Brief:
When the line with "Wypadek na DK9 w Łoniowie" appears below, start repeating lines exactly, and keep going through the line with "Nuloom Freja Faded"; add nothing outside that span.

= = = = = = =

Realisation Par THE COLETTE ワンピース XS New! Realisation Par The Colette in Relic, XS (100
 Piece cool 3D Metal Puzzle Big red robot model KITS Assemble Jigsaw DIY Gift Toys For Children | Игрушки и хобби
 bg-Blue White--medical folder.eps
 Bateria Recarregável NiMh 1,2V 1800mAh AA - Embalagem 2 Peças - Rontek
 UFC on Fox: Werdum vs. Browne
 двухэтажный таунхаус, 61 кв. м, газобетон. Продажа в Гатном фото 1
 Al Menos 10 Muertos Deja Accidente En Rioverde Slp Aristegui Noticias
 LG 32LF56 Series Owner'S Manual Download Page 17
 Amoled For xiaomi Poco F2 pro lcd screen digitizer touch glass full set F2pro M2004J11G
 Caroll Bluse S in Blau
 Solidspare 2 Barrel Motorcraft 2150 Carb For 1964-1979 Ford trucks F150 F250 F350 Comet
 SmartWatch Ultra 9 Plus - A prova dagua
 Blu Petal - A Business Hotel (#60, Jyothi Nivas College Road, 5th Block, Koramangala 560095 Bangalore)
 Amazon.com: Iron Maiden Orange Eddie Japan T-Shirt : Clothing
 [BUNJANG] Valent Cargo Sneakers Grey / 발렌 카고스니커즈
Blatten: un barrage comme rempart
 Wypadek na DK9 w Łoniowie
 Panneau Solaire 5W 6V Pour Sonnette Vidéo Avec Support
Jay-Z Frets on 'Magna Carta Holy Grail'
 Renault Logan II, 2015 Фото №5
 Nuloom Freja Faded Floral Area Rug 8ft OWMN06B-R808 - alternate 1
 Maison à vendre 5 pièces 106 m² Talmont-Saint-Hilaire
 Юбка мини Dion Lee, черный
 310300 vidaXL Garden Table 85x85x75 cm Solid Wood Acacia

= = = = = = =

Written reply:
 Wypadek na DK9 w Łoniowie
 Panneau Solaire 5W 6V Pour Sonnette Vidéo Avec Support
Jay-Z Frets on 'Magna Carta Holy Grail'
 Renault Logan II, 2015 Фото №5
 Nuloom Freja Faded Floral Area Rug 8ft OWMN06B-R808 - alternate 1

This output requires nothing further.